Thinking about Acuity’s “tomorrow”

Mr. Ashe’s thoughts about the business:

  • The company is an industry leader but has had lackluster performance the last few years.
  • Strength is in go to market strategy, product development and supply chain.
  • There has been industry deflation. (price erosion)
  • Independent channel / agency network to continue to be differentiator.
  • Will take work for Atrius, which has potential, to realize it.
  • The company needs to adapt digitally in a “pull-based” world.
    • Transform customer experiences
    • Business model transformation
    • Improve business operations data
    • Be faster and more effective by capitalizing on tools
  • Expect to become an “industrial technology company” as well as expand into “location aware applications”.
  • Expect to increase cash and reinvest for new product / business development and acquisitions.

Analyst questions / additional insights

The following are additional observations based upon analyst questions:

  • Reevaluating the retail segment for short and long term with “new eyes”. “Looking” at customers served through that channel and how “effective” they are being served through that channel. (Given many of these customers are DIY, moonlighters, small contractors and potentially the facility management / property management segments, don’t be surprised to see Acuity support the retail channel via online given the company’s pivoting to digital transformation. Acuity could also go to other online retail / distribution entities.)
  • Going into COVID-19 seeing growth in field hospitals, government facilities, distribution centers / warehouses (online companies) infrastructure projects. Modeling for business to be down 20% (may be correct for the year, probably light for calendar year Q2 and Q3).
  • Acuity believes that about 50% of revenues are new construction and comparable in renovation whereas 10-15 years ago the business was 80% new construction.  It expects the renovation market to “bounce back” quicker than the new construction market.
  • Tier 3 / Tier 4 product category sales represent 15-20% of company revenues.
  • Regarding early COVID-19 activity:
    • Some construction sites closed
    • Some wanting product early to complete projects quickly
    • Some “business as usual”
    • Some markets slowing

So, all over the board. The impact will be determined based upon the size of the market and the fluidity of actions.

  • Business geographically is relatively consistent, geographically, with GDP mix with a little less architectural in metropolitan areas.

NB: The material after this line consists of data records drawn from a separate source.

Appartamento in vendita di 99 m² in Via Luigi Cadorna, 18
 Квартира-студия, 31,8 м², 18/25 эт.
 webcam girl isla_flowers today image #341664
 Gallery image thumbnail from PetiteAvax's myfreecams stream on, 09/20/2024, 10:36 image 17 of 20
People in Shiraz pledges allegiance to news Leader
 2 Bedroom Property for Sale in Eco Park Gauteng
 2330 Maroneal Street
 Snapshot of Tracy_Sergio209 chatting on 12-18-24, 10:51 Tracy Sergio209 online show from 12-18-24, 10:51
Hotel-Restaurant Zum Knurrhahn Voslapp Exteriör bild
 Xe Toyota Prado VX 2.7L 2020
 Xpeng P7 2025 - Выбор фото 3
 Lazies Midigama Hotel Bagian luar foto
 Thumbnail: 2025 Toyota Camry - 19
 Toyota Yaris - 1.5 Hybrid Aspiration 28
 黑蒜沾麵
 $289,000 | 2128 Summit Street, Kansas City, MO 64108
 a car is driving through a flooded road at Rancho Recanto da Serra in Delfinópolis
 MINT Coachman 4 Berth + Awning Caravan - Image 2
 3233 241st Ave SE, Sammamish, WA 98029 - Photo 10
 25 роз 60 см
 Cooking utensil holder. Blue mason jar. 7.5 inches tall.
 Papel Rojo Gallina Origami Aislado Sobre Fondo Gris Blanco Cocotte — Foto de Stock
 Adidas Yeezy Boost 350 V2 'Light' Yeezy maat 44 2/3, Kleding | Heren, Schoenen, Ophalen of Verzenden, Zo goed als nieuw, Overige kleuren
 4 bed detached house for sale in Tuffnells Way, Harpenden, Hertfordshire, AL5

Digital transformation is inevitable, and admirable. While eminently feasible within the business and conceptually viable from a commercial viewpoint, revenue generation will require significant marketing and demand generation initiatives, possibly involving reconsideration of channel approaches as well as support of the channel. They key is identifying how to scale interest in the offerings to motivate the channel to act as an accelerator.

While the quarter, from a sales performance viewpoint, was strongly negative, it is interesting that the major element of negative performance is business that Acuity directly controls … retail, corporate accounts and direct sales.  The independent channel is performing. Growth in the Contractor Select offering indicates that Acuity, through its distributors, is gaining more discretionary / white goods business.  How much of growth was generated by Acuity being a beneficiary of COVID-19 in China versus account penetration and hence sustainable is unknown and won’t be understood until the impact of COVID-19 in the US ends.